You've come a long way, baby, but you've still got a long way to go.

BUS BOX
It was uneconomical and impractical for Northwestern High School of Darlington, Pa. to build a press box at its athletic field. So Northwestern took an old school bus and built a nifty wooden press box (complete with P.A. system) on its roof. When a game is scheduled the bus box is rolled out and parked opposite the 50-yard line. Afterward it is driven off and stored away till next time.

REASONS WHY

The San Francisco Board of Supervisors has approved a $16 million bond issue for the improvement of Candlestick Park, the oldest young stadium in the country. The reported reason for the improvements is to accommodate the San Francisco 49ers, who are dissatisfied with ancient Kezar Stadium in Golden Gate Park. The supervisors were apparently impressed by the 49ers' argument that people simply would not attend games at Kezar, and that this was the reason why the 49ers' attendance had fallen off so badly (to about 33,000 a game in 1969). But last year the 49ers lost eight games. This year they have been a first-place team in the NFC's Western Division, and the attendance in dilapidated old Kezar has been rewarding. A capacity crowd of 59,335 watched San Francisco beat Green Bay, and 8,000 more were turned away. And the stadium has long been sold out for the 49ers' game with the Los Angeles Rams this Sunday. Perhaps there is something to the old theory that it is the quality of the play rather than the quality of the stadium that brings folks out to the ball park.

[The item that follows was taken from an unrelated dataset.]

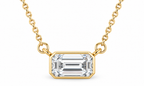 14K Yellow Gold 1/3 CT (5 x 3 mm) emerald-cut lab-grown diamond bezel necklace — studio front view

The baseball Giants are against the stadium improvements—not as such, but because of a 50¢ surcharge the city plans to impose on each ticket to help defray the cost. The Giants are having enough trouble drawing fans as it is. They sued the city, claiming the surcharge was a breach of the contract the Giants signed with San Francisco when the club moved west from New York. The Giants lost their case in Superior Court but plan to appeal. Horace Stoneham, owner of the Giants, commented, "We want the public to be aware that we opposed the additional 506 charge. We think now they'll know it's the city's charge, not ours." Asked if he would move the Giants, Stoneham said, "No, I've never thought of moving our club to another city. But I still don't think the Giants' customers should be asked to pay for football improvements."

ILLUSTRATION

THEY SAID IT

•Harvey Johnson, director of player personnel for the Buffalo Bills, on a player he drafted who turned out to be a flop: "He had size, speed, agility. He could do it all. But I knew I should never have drafted him when he came out of the dressing room and I saw his mother comb his hair."

•Ermal Allen, Dallas Cowboys assistant, giving a scouting report on the Philadelphia punting game: "Bill Bradley kicks them so high and so short you can't run 'em back. You have to fair-catch every one. Us coaches call that the punt of no return."

•Ni Chih-Chin of Communist China, whose 7'6" high jump is best in the world: "When I read the thoughts of Chairman Mao, I feel I could jump higher than a fireman's ladder."

•Dr. Daniel Hanley, U.S. Olympic team physician, on athletic skills: "By itself, practice does not make perfect. Those of us with a 10-year-old son practicing the trumpet may understand that."

•Bob Plager, blithe spirit of hockey's St. Louis Blues: "My big problem now is that I roomed with Al Arbour. It's not fair that they should make him coach after all I taught him."